Estamos em constante movimento. E na iminência da mudança das estações, árvores mudam completamente de um dia pro outro. E algumas levam marcas antigas em seus troncos. Mas continuam ali, florescendo na primavera e perdendo suas folhas no outono, permanecendo desfolhadas em um tempo de resistência, mas também permanecendo floridas enquanto o tempo lhe permitir.
E aí, independente de não sermos mais os mesmos, de levarmos marcas que nos acompanharão, viveremos novamente e passaremos por outras situações. Algumas nos farão lembrar outras.

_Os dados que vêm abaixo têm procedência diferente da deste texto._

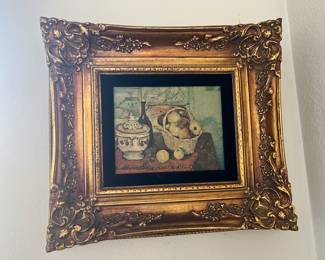 Original oil painting with ornate gold frame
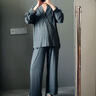 歌美姿孕婦睡衣長(cháng)袖家居服套裝春夏產(chǎn)前產(chǎn)后喂奶莫代爾月子服 【四季款】夢(mèng)境鳶尾(紫) 2XL 曬單實(shí)拍圖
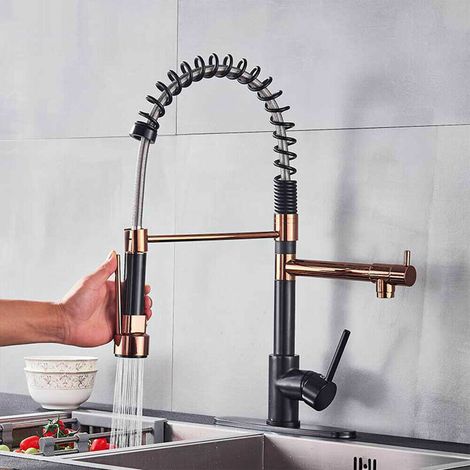 Mitigeur Cuisine Douchette Extractible Robinetterie de Cuisine 2 Jets, Mitigeur Evier Rotatif à 360° (1/5)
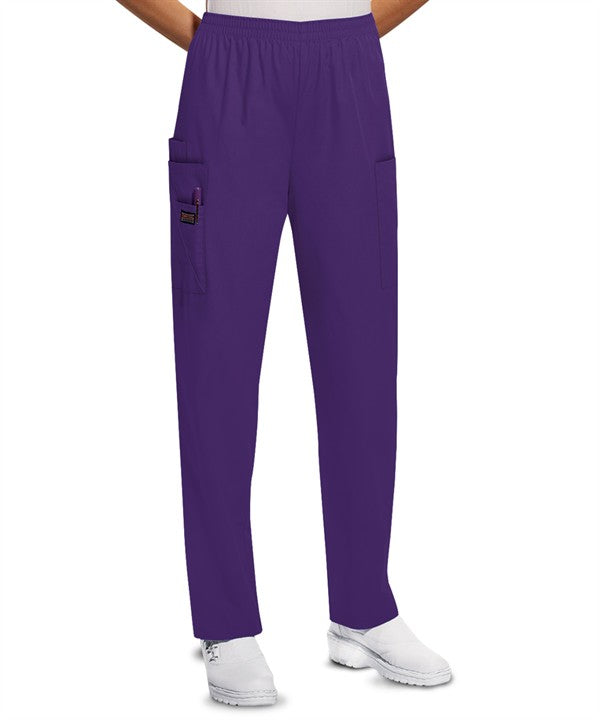 Cherokee Workwear Women's 4-Pocket Elastic Waist Tapered Leg Utility Scrub Pants 4200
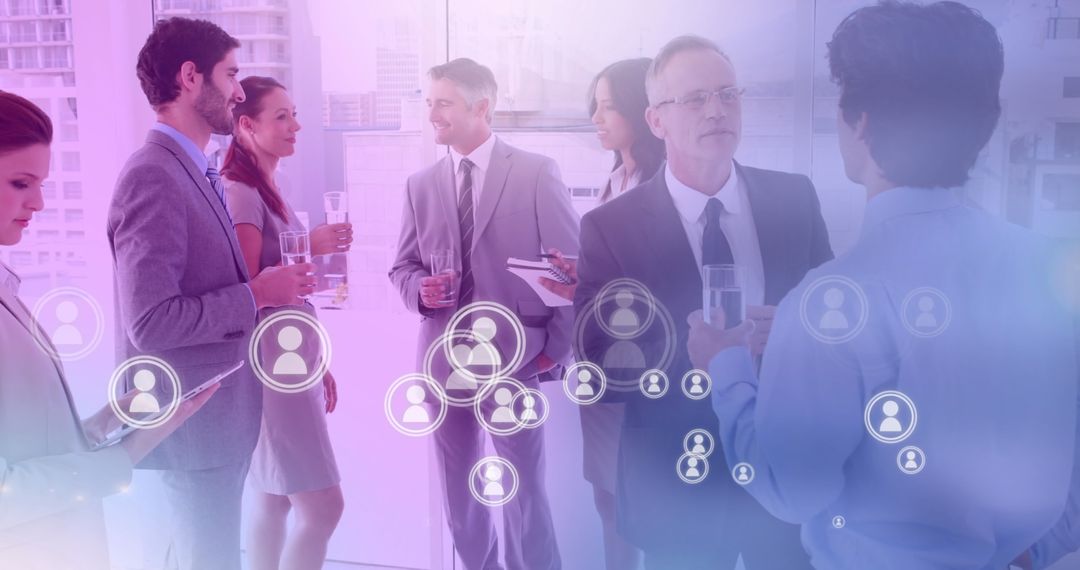 Business Team Networking with Digital Interface in Modern Office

Outras, serão completamente diferentes e nos farão ter outras marcas. Algumas podem não ser tão profundas. A verdade é que aprendemos a lidar de diferentes formas às experiências. Aprendemos a reconhecer algumas situações e alguns sinais. Minha mãe e minha avó costumavam dizer que sinal de chuvas longas eram formigas com asa ou mosquitos. Já Luiz Gonzaga foi um pouco mais poeta e lembrou das flores de mandacaru que antecedem as chuvas no sertão. De onde eu vim era assim, mas aqui em Portugal já não sei reconhecer sinais que antecedem as grandes chuvas e não lembro de ter visto uma só formiga ou mosquito anunciando chuvas no inverno. Posso passar tempos sem ver formigas com asas. Mas no dia que vê-las, vou lembrar e procurar outros sinais que pareçam com as situações que antecedem as grandes chuvas no Nordeste Brasileiro. 


Quem já passou por experiências dolorosas aprende a ver alguns sinais e a evitar algumas situações. Já dizia outra frase da minha mãe e da minha avó: gato escaldado tem medo de água fria. É verdade que não podemos deixar o medo nos paralisar. Não é porque tive uma ou algumas situações ruins que todas as outras serão assim. Ou serão boas por algum tempo. E quando começar a fazer mal é hora de perceber os sinais que antecedem coisas ruins. É possível que ainda fiquem dores. E tudo bem senti-las novamente. Saber reconhecer alguns sinais de algo doloroso não nos torna insensíveis a elas. E que bom que não. A dor é importante pra nos avisar que há algo errado e que é preciso cuidar.